It has delivered only 1,023 metric tonnes of rice and withheld the rice in respect of about 3000 metric tonnes of paddy. The figures in respect of other rice mill are almost in the same range. Since the rice was not handed over, the revenue department initiated proceedings under the Act, at the instance of the 3rd respondent.

The Act provides for a mechanism for recovery of arrears of revenue. The term 'arrears of revenue' defined under the Act, was basically intended to cover the arrears of revenue as such. Over the period, as and how activities of the Government increased, the amounts payable to it, though not as arrears of land revenue, were also brought under the definition. Section 52-A was added to the Act, enabling the recovery of the other amounts due to the Government, as well as the dues, to the Nationalized Banks, and the corporations established by the State of Central Governments.

One requirement under proviso to sub-section (1) of Section 52-A of the Act is that it is only in respect of such of the State owned Corporations, as regards which, notification is issued in the gazette, that the provisions of the Act can be pressed into service for recovery of the amount due to them. It is not in dispute that the 3rd respondent is a State-owned Corporation. The notification under Section 52- A in respect of this organization was issued in G.O.Ms.No.261, Revenue Department, dated 17-03-1987. The G.O. is not in respect of any specific item due to the Corporation. It covers every amount due to it from the stockiests, fair price shop dealers or any other person or agency.

The first contention advanced by the petitioner is about the distinction between arrears of 'land revenue' and 'deemed arrears'. They submit that throughout the Act, it is only the arrears of land revenue, that are dealt with, and for recovery of deemed arrears with the same procedure cannot be followed. It is common that whenever Legislature enacts law, it defines certain terms with the possible amount of precision and provides for a mechanism, which may be regulatory, prohibitory or reformatory in nature. The definitions may be, either inclusive or exclusive, depending upon the subject-matter of the legislation. While an attempt to adopt too narrow a definition may result in exclusion of certain categories, which are otherwise within the definition, a loosely worded definition may bring in its fold, certain phenomenon, that genuinely do not fall in the proposed regime. In such cases, a rigid definition is evolved and whenever it becomes necessary to bring certain other items and objects within the fold of definition, a provision enabling it to extend legal fiction is incorporated. Such exercises are common in the field of taxation, customs, central excise, income tax, and the like. The fiction provided for under the relevant law is for the limited purpose under the Act.

It is not in dispute that through a legal fiction, provided for under Section 52-A of the Act, the amounts that are due to the Government, its Corporations, Nationalized Banks, etc, are treated as arrears of land revenue.

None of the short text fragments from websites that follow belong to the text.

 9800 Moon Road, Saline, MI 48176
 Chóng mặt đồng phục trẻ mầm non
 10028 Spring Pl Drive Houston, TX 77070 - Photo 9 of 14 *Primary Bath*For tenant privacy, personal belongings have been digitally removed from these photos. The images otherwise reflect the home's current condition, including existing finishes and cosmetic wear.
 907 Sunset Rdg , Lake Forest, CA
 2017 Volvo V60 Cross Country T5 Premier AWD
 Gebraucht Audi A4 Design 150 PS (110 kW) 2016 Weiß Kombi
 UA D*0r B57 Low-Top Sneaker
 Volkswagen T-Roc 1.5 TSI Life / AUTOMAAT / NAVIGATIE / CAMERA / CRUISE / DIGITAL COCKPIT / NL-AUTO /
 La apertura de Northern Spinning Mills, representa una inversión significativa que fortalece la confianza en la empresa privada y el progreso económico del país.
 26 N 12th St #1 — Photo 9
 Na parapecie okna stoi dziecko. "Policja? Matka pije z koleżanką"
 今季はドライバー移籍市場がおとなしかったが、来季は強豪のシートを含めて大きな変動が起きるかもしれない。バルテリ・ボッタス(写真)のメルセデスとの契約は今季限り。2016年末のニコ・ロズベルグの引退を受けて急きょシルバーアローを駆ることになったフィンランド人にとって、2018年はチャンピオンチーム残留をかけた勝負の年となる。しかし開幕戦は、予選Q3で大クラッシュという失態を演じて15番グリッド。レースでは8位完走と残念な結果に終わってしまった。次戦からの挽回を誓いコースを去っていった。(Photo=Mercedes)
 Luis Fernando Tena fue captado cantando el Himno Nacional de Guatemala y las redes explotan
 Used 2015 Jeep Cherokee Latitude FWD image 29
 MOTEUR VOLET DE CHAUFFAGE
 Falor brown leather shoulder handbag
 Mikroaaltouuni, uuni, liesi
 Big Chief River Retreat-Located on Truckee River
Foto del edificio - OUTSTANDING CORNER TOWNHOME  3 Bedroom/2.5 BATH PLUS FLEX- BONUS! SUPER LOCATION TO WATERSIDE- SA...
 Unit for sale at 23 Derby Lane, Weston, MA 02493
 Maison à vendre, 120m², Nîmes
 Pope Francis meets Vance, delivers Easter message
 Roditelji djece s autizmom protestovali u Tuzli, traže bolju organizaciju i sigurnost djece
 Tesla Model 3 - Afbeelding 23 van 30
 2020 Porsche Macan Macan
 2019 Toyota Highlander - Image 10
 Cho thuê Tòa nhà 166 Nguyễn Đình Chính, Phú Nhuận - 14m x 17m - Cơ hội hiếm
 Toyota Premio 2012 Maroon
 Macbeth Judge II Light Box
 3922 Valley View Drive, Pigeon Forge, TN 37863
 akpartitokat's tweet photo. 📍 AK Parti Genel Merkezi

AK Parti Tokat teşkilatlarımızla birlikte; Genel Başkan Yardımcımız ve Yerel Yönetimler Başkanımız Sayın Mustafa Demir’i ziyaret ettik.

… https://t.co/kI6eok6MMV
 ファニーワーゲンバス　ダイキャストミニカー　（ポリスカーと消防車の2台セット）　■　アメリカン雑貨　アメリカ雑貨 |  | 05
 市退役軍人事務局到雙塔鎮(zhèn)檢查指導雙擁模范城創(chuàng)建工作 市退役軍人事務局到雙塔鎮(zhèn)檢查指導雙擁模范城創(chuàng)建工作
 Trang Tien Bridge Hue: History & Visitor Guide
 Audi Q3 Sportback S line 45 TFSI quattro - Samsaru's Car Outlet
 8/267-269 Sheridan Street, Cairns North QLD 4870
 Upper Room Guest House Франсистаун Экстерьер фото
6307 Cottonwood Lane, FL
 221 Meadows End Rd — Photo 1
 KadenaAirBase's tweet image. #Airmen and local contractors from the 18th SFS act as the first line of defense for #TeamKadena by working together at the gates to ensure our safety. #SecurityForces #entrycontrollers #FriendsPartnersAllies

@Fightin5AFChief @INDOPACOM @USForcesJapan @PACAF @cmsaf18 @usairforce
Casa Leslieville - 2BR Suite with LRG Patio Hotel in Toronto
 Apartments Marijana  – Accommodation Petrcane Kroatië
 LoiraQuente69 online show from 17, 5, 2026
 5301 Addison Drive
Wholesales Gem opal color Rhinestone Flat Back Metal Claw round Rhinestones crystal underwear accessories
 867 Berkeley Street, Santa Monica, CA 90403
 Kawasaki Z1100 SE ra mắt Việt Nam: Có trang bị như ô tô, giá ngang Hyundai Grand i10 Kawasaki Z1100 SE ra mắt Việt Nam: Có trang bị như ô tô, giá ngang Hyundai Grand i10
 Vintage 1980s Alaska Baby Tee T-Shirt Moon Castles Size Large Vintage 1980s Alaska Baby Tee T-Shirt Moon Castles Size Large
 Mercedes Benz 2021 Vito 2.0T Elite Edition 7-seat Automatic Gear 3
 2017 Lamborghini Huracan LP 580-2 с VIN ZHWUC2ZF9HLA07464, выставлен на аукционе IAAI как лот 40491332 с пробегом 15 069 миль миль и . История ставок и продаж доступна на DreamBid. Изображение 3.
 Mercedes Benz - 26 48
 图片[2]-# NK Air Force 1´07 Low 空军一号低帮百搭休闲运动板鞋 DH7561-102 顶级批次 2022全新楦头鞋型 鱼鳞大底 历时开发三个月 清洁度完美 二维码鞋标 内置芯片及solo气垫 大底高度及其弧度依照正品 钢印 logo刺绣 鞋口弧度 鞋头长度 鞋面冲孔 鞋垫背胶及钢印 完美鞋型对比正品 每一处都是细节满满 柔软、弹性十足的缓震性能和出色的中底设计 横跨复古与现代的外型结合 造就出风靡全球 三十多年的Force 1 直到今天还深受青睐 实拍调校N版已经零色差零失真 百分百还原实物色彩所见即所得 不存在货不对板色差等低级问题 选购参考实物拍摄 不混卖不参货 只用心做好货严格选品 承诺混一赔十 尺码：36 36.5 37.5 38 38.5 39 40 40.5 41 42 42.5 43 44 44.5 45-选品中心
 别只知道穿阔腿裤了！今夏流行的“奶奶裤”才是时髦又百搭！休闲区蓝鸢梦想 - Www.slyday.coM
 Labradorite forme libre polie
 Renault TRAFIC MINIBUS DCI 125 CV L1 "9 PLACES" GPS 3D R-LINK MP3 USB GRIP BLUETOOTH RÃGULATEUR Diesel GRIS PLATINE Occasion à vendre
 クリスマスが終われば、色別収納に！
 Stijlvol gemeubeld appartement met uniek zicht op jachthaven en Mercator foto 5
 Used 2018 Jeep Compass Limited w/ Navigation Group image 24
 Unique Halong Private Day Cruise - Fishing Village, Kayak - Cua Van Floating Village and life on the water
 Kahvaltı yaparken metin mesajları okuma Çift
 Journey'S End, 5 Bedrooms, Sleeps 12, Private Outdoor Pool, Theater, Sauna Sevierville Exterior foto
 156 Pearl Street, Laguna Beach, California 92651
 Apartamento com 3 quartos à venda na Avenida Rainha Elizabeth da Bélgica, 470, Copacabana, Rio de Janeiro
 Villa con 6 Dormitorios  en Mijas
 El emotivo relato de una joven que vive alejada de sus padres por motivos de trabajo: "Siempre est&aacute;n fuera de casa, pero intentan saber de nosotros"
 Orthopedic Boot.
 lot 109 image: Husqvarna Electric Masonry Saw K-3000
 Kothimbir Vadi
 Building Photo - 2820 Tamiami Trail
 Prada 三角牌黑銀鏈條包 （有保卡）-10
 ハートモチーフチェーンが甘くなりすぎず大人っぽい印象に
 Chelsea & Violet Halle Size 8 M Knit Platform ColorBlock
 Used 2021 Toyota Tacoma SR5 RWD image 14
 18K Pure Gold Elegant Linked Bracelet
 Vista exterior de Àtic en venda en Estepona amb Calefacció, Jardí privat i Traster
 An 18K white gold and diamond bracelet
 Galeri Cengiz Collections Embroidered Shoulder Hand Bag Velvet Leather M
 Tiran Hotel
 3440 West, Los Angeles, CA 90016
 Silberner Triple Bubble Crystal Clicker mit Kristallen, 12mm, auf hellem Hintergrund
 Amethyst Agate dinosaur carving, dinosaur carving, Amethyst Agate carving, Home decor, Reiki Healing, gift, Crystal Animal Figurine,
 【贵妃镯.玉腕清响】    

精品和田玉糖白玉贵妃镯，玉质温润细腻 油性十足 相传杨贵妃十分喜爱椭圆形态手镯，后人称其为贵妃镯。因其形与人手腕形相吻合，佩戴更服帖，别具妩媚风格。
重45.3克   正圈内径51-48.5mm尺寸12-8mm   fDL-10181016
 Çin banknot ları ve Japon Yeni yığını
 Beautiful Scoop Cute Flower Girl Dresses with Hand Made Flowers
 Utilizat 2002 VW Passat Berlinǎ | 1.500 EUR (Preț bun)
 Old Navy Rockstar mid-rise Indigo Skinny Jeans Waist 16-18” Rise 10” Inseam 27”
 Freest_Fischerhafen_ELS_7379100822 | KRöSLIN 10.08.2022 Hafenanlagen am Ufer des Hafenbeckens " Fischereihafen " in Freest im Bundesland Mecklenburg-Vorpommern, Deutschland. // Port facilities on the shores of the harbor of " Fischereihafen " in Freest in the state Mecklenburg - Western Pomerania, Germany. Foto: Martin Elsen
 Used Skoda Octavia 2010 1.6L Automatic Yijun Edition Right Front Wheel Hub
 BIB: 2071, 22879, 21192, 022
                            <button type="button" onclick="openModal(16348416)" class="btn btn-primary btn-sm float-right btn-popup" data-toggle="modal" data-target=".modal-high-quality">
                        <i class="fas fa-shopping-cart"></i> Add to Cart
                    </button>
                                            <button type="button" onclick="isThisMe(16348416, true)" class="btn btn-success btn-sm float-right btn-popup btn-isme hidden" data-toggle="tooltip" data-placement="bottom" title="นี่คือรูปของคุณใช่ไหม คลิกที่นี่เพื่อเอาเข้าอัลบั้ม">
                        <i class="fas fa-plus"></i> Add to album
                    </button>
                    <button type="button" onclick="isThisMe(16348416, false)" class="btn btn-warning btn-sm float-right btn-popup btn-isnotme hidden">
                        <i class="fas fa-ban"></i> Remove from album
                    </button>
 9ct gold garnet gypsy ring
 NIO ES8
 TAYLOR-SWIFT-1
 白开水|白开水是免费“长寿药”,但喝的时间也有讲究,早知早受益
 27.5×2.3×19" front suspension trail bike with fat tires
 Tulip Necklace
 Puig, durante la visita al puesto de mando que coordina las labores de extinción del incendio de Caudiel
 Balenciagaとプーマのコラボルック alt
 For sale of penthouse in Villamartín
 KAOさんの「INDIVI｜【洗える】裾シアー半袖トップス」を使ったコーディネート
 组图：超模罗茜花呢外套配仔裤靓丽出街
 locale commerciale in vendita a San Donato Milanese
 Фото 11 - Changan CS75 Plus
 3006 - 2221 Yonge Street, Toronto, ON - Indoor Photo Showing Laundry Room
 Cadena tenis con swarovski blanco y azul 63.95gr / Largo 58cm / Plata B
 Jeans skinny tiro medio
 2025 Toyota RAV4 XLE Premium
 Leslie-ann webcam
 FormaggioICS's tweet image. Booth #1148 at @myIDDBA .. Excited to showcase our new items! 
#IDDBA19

Once such amounts are treated as, or deemed to be, the arrears of land revenue, no distinction can be maintained between the two, unless the Act or the Rules made thereunder given such an indication. Learned counsel for the petitioner are not able to point out any distinction in this regard. Therefore, the first contention cannot be accepted.

The second contention is that the initiation of proceedings under the Act must be preceded by proper determination of the amount due, and it is only for recovery of the amount so determined, that the proceedings can be initiated. It has already been mentioned that the proceedings are initiated against the rice mills, and the amounts sought to be recovered was mentioned. The rice mills did not dispute the accuracy of the figures furnished in the proceedings. Therefore, the petitioners cannot raise any objection in this regard. Further, the Tahsildar, who initiated the proceedings has furnished to this Court, the statement showing the item-wise arrears, that included the cost of rice, cost of milling, etc. The exercise to be undertaken in the matter of determination of amount is not akin to that of a preliminary decree for determination of mesne profits. Further, if the only objection is as to the correctness of the amount, the person or agency, which is sought to be preceded against, can indicate the same.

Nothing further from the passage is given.